Slaughterhouse jobs were once highly respected and, by the mid-twentieth century, thanks mainly to successful unionization, provided many workers with middle-class salaries. For instance, in Green Bay, Wisconsin, slaughterhouse workers were such a part of the community that the local football team, the Packers, was named after them, and the team’s first captain was working at Indian Packing at the time of the team’s founding. Slaughterhouse workers today continue to fight for better protections to help cope with their dangerous work environment, as well as higher pay. But workers have often faced intimidation from employers when they attempt to unionize. The National Labor Relations Board has found management at Tyson and Perdue plants in North Carolina, Arkansas, and Alabama guilty of illegally threatening workers’ freedom of association.

Slaughterhouse workers first attempted to unionize in the 1880s with varying degrees of success. In 1906, Upton Sinclair published The Jungle in an attempt to draw attention to the poor labor conditions and low unionization of workers in slaughterhouses, but readers were more impacted by lurid descriptions of unsanitary conditions and health violations. After passage of the National Labor Relationship Act in 1935 made it easier to unionize, work and union conditions improved rapidly for slaughterhouse employees.

But beginning in the 1980s, increasingly powerful meatpackers leveraged their position as one of few employers in a given region to suppress unionization. Union organizers today face several obstacles, among them that the industry has a turnover rate of about 100%. And the process of slaughtering is now highly specialized, making it harder for workers to work together. But there is still a strong union presence in some packing plants: in 2011, the UFCW represented 60% of beef and about 72% of pork slaughterhouse workers.

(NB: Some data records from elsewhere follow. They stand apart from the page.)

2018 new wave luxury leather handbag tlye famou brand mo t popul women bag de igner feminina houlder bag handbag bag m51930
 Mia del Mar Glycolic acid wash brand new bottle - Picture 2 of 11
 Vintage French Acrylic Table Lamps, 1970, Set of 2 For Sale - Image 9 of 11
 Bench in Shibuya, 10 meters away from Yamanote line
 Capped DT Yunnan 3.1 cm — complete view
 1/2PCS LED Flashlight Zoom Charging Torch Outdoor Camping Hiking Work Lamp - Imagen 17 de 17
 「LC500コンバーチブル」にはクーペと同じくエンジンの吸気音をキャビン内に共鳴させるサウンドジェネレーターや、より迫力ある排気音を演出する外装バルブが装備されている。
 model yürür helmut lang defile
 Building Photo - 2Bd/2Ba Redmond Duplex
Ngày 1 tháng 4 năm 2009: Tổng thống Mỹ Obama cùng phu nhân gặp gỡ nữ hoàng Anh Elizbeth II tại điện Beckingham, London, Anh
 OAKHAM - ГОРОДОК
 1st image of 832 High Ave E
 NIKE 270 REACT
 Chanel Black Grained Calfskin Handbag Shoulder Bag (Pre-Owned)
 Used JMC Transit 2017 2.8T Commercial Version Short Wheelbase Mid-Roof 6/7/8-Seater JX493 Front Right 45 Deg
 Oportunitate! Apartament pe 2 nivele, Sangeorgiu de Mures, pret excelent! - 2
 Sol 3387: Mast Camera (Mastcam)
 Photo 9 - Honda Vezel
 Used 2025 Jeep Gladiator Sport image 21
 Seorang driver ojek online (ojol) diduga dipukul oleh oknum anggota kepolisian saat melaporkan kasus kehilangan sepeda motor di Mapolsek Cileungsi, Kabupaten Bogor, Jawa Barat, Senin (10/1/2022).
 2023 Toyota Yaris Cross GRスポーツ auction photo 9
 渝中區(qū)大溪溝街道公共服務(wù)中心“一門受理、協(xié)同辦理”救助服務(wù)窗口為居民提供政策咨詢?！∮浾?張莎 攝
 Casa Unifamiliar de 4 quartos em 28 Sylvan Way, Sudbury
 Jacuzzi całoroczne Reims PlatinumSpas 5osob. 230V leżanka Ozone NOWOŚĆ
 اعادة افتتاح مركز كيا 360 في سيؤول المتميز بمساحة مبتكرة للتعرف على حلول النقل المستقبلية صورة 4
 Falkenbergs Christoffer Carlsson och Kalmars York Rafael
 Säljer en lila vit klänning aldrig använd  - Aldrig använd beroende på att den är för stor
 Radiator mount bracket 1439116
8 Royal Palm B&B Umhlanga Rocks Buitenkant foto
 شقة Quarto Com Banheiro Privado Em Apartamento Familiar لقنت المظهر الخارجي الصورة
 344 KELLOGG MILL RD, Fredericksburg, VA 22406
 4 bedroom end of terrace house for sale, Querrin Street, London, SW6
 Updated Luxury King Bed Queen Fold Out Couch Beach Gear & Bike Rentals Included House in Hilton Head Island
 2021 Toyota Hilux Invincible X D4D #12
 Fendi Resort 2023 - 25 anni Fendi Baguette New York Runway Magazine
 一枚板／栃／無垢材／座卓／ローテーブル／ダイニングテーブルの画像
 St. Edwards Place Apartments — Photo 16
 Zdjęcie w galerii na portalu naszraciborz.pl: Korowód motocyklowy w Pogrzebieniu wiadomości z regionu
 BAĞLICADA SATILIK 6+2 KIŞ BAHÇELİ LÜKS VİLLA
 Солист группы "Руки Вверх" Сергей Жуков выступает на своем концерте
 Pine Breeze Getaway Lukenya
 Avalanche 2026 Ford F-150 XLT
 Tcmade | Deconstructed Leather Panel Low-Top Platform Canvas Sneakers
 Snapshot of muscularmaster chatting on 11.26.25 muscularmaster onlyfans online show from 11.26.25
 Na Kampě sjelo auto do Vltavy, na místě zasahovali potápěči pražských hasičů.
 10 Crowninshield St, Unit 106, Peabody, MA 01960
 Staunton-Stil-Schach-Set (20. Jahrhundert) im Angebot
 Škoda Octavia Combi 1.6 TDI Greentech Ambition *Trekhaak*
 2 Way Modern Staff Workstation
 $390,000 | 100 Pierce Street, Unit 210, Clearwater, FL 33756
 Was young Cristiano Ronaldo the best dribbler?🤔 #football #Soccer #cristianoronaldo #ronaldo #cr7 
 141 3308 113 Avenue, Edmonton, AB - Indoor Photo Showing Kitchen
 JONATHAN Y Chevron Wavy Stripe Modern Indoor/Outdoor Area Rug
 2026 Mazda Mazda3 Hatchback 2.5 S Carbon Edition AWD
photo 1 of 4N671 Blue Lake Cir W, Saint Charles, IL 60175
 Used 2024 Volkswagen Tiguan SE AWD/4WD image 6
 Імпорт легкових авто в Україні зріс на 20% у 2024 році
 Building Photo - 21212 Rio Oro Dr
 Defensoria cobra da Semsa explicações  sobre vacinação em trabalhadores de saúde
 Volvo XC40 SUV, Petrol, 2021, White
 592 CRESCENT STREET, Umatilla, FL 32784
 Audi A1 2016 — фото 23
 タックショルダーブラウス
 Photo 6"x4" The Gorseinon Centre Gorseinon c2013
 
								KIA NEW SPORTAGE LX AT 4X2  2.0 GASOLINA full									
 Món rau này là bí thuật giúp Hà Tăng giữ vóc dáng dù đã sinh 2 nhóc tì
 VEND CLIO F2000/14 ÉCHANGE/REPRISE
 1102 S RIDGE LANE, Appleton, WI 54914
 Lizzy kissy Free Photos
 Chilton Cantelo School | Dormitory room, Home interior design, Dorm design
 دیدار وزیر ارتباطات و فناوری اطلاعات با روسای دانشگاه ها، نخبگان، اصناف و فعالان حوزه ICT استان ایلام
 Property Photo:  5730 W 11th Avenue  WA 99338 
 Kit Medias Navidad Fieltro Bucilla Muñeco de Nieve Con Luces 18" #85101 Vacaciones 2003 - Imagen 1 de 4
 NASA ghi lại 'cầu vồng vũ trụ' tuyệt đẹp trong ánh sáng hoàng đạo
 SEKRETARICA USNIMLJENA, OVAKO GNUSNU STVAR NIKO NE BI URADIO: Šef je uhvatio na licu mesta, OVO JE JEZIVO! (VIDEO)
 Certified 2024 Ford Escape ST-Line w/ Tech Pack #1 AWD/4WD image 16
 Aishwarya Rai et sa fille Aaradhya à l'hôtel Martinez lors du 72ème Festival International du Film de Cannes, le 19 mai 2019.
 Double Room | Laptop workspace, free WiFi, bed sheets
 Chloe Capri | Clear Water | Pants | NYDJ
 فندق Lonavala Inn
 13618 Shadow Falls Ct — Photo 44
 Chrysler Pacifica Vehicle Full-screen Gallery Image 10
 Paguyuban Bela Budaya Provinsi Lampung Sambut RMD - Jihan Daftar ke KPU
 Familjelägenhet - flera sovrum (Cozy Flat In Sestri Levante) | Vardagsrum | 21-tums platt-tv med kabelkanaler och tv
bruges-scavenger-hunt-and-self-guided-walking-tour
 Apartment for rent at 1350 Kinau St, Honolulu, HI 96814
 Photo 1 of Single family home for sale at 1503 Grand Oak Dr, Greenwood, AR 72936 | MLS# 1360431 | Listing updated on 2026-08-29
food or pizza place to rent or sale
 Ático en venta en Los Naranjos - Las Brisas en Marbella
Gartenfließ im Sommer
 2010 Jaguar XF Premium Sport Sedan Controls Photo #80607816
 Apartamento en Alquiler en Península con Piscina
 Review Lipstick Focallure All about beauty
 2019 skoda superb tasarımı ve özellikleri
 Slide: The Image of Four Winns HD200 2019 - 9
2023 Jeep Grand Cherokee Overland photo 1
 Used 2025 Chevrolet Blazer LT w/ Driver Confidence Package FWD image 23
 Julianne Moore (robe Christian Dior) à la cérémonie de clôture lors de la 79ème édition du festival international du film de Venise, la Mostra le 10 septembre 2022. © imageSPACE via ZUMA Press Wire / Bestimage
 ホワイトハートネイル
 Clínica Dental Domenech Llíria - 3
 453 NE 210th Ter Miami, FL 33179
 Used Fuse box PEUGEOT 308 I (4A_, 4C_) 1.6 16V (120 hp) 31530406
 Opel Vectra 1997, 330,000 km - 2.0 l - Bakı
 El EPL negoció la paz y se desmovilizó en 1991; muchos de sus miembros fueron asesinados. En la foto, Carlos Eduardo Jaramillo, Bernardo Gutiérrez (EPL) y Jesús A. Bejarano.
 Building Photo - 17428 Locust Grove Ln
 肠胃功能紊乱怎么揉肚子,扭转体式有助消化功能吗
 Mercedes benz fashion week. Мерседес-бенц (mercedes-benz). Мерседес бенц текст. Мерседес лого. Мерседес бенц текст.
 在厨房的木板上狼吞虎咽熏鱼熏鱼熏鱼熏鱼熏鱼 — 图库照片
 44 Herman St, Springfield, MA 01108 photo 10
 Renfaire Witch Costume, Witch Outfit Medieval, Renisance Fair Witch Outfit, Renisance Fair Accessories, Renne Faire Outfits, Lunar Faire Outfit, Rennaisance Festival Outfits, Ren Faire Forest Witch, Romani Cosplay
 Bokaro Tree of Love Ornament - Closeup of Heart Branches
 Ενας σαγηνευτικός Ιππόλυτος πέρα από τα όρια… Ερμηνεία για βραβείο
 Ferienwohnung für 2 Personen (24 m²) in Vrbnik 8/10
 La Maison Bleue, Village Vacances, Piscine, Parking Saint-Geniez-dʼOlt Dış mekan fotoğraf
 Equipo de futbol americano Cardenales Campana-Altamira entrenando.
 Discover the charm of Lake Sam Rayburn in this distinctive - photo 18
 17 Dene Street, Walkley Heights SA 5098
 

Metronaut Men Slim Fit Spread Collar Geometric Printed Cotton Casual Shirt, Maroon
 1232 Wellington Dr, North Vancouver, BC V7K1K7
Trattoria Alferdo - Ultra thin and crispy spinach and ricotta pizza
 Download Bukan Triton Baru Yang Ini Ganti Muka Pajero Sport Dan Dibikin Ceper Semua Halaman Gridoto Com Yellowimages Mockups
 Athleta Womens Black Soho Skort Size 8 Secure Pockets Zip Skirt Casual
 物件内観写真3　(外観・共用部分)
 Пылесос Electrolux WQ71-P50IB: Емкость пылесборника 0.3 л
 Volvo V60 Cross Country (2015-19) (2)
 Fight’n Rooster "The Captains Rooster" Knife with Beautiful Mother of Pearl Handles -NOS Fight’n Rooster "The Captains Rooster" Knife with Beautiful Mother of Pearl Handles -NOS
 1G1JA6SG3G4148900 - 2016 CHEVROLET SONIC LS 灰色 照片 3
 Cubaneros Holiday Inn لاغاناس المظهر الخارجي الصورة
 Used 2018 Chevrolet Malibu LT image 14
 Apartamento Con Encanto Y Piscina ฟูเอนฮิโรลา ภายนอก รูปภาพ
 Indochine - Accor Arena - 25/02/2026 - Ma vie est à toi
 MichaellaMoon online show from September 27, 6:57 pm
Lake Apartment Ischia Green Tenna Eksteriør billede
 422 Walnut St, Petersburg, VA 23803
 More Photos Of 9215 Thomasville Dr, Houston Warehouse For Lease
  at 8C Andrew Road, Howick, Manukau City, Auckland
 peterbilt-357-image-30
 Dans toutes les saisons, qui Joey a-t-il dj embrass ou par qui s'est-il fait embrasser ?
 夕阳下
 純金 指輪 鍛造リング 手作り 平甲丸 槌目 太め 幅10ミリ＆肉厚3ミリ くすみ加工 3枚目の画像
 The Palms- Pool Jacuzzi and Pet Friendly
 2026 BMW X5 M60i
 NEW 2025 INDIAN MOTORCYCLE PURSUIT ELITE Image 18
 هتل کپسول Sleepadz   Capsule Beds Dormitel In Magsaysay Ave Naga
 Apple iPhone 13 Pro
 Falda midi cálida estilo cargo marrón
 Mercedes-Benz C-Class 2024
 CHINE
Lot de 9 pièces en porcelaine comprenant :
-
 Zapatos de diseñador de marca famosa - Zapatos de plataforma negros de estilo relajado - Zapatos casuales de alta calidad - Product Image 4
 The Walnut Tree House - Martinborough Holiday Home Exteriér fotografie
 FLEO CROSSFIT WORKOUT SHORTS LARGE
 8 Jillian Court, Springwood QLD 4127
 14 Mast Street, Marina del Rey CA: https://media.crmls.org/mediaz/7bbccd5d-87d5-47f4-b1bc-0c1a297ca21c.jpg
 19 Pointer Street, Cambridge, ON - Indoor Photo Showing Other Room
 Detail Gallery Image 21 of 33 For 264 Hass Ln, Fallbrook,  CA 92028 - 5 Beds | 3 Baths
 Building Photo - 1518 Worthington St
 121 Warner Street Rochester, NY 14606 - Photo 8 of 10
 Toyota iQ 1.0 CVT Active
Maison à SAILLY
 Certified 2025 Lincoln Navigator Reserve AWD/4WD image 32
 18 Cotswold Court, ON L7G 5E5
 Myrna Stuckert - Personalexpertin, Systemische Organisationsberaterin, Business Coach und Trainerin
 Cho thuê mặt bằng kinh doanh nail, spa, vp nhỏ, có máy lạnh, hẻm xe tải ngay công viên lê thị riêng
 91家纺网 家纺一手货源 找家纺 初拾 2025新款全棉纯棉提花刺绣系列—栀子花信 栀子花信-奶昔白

Workers have won some recent union victories. In 2008, workers at a North Carolina slaughterhouse owned by Smithfield successfully voted to join the UFCW. This win came after nearly 15 years of unionization attempts, which had been derailed by the management’s routine usage of intimidation, immigration raids, firings, and detainment to dissuade organizing. Workers in slaughterhouses owned by National Beef, Farmland Foods (a Smithfield subsidiary), and JBS have also voted to join the UFCW in recent years. In the chicken industry, advocacy groups successfully pressured the USDA in 2014 to keep the line speed to 140 chickens per minute, rather than increasing the speed to 175 birds per minute.